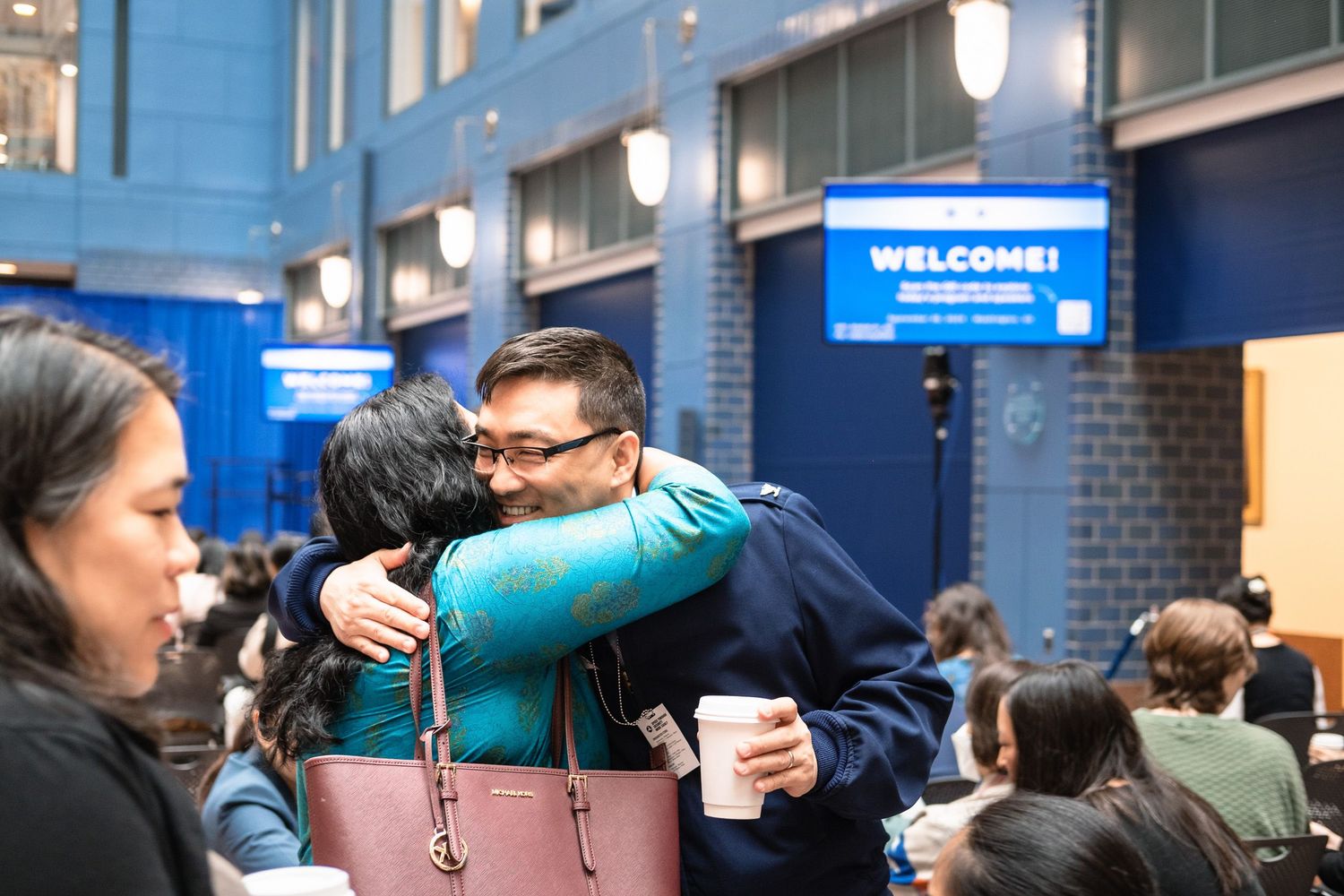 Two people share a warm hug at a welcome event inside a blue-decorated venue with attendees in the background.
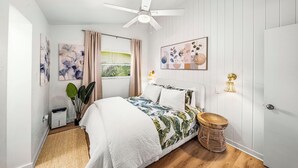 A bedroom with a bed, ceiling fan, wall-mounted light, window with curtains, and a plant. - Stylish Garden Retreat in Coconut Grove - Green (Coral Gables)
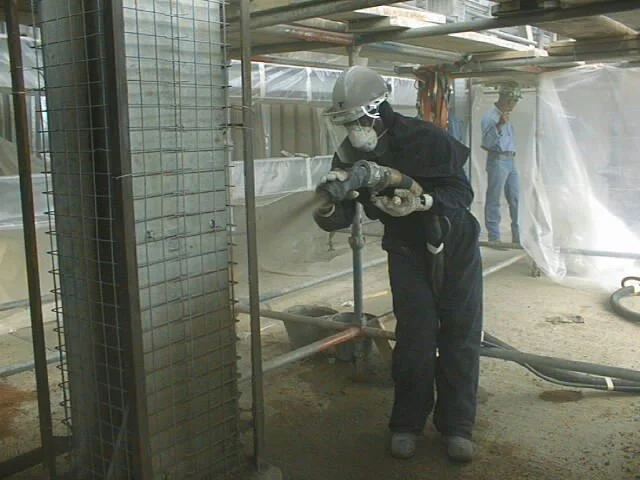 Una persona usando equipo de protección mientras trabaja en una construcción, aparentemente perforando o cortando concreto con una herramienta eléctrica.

## Exercise description
Please output the material as written, apart from the images.

## Task result
 Two people share a warm hug at a welcome event inside a blue-decorated venue with attendees in the background.
 A bedroom with a bed, ceiling fan, wall-mounted light, window with curtains, and a plant. - Stylish Garden Retreat in Coconut Grove - Green (Coral Gables)
 Una persona usando equipo de protección mientras trabaja en una construcción, aparentemente perforando o cortando concreto con una herramienta eléctrica.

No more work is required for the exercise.